**EXERCISE OBJECTIVE**
There is material below. Print exactly the lines starting at the line with "Building Photo - 28833 Groveland St" and ending at the line with "#3 photo, 333", ends included, and no others.

**PROVIDED INFORMATION**
──────────

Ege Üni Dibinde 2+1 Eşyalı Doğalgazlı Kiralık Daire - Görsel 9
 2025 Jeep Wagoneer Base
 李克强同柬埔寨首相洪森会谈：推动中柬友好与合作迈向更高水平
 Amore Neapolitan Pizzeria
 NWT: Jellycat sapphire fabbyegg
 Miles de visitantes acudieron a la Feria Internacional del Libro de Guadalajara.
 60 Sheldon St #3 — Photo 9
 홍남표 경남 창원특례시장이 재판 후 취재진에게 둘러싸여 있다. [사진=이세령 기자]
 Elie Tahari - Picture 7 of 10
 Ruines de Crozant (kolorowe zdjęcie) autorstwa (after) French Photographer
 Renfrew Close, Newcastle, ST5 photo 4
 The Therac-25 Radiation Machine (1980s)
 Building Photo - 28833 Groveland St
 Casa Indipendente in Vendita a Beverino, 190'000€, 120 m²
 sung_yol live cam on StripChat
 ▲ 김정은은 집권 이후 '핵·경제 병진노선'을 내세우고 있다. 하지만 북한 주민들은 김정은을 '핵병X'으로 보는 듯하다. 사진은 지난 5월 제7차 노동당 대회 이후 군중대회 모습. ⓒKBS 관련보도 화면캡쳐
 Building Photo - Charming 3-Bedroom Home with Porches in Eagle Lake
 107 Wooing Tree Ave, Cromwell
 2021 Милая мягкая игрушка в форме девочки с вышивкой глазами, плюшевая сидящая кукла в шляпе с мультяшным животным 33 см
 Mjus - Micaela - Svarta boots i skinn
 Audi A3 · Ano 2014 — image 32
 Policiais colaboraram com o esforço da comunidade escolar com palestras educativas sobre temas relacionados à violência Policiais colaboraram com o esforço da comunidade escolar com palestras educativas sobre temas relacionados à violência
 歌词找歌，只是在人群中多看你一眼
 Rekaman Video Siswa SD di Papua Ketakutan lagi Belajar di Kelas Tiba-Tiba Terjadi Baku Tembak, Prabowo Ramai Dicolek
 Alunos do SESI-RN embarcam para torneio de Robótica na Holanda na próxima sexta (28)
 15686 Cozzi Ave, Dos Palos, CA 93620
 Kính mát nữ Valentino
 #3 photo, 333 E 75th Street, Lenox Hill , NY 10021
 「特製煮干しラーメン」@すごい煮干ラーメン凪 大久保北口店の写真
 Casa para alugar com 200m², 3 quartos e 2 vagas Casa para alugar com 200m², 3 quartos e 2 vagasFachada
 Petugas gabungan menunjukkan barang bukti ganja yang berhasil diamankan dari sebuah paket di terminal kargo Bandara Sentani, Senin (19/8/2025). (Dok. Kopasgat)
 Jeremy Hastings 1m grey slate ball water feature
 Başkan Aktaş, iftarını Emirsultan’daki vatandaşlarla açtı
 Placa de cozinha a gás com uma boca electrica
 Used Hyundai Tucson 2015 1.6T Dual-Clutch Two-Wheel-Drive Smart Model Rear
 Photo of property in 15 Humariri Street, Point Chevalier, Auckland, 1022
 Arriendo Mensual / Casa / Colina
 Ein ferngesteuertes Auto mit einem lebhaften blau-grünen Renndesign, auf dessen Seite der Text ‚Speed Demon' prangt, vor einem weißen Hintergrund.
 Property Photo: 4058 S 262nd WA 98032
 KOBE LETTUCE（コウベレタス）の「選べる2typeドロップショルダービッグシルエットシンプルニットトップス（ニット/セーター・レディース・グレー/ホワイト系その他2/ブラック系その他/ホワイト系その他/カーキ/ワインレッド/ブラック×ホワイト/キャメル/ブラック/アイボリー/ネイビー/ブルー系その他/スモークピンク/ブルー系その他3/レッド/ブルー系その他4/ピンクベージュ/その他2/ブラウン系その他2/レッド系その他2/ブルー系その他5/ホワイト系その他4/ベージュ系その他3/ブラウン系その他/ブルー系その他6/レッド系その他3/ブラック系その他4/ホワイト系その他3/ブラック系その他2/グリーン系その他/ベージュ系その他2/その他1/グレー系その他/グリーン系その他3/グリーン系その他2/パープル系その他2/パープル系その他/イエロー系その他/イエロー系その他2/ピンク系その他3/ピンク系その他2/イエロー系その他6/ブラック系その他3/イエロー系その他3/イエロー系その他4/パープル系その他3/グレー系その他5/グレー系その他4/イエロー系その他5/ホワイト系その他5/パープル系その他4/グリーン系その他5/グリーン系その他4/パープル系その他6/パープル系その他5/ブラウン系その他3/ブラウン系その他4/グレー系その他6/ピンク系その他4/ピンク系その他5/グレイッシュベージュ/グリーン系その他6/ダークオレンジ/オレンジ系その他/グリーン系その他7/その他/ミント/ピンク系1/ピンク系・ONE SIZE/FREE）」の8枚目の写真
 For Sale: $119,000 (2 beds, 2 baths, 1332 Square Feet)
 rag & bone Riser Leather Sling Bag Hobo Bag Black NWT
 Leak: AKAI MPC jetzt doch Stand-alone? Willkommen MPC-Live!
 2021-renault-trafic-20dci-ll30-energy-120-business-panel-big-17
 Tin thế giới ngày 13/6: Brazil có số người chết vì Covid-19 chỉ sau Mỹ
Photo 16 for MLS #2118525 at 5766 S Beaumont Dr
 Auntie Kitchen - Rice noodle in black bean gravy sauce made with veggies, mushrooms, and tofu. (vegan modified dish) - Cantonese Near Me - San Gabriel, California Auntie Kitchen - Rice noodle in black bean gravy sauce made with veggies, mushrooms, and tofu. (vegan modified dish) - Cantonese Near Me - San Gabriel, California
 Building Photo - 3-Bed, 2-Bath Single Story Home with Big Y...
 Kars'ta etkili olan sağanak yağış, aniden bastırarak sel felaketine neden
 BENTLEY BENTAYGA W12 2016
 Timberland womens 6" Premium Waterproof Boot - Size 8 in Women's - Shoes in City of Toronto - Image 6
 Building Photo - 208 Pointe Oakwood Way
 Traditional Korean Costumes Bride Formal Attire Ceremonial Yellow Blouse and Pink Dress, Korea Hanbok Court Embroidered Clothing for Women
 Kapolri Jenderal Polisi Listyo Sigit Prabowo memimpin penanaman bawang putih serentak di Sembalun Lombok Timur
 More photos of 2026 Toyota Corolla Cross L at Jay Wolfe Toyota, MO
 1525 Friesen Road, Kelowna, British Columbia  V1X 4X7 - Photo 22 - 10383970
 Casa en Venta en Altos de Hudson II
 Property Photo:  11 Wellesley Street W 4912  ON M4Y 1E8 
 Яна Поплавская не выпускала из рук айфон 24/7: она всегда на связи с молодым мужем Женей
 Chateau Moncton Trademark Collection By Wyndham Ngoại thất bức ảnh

──────────

**WRITTEN RESPONSE**
 Building Photo - 28833 Groveland St
 Casa Indipendente in Vendita a Beverino, 190'000€, 120 m²
 sung_yol live cam on StripChat
 ▲ 김정은은 집권 이후 '핵·경제 병진노선'을 내세우고 있다. 하지만 북한 주민들은 김정은을 '핵병X'으로 보는 듯하다. 사진은 지난 5월 제7차 노동당 대회 이후 군중대회 모습. ⓒKBS 관련보도 화면캡쳐
 Building Photo - Charming 3-Bedroom Home with Porches in Eagle Lake
 107 Wooing Tree Ave, Cromwell
 2021 Милая мягкая игрушка в форме девочки с вышивкой глазами, плюшевая сидящая кукла в шляпе с мультяшным животным 33 см
 Mjus - Micaela - Svarta boots i skinn
 Audi A3 · Ano 2014 — image 32
 Policiais colaboraram com o esforço da comunidade escolar com palestras educativas sobre temas relacionados à violência Policiais colaboraram com o esforço da comunidade escolar com palestras educativas sobre temas relacionados à violência
 歌词找歌，只是在人群中多看你一眼
 Rekaman Video Siswa SD di Papua Ketakutan lagi Belajar di Kelas Tiba-Tiba Terjadi Baku Tembak, Prabowo Ramai Dicolek
 Alunos do SESI-RN embarcam para torneio de Robótica na Holanda na próxima sexta (28)
 15686 Cozzi Ave, Dos Palos, CA 93620
 Kính mát nữ Valentino
 #3 photo, 333 E 75th Street, Lenox Hill , NY 10021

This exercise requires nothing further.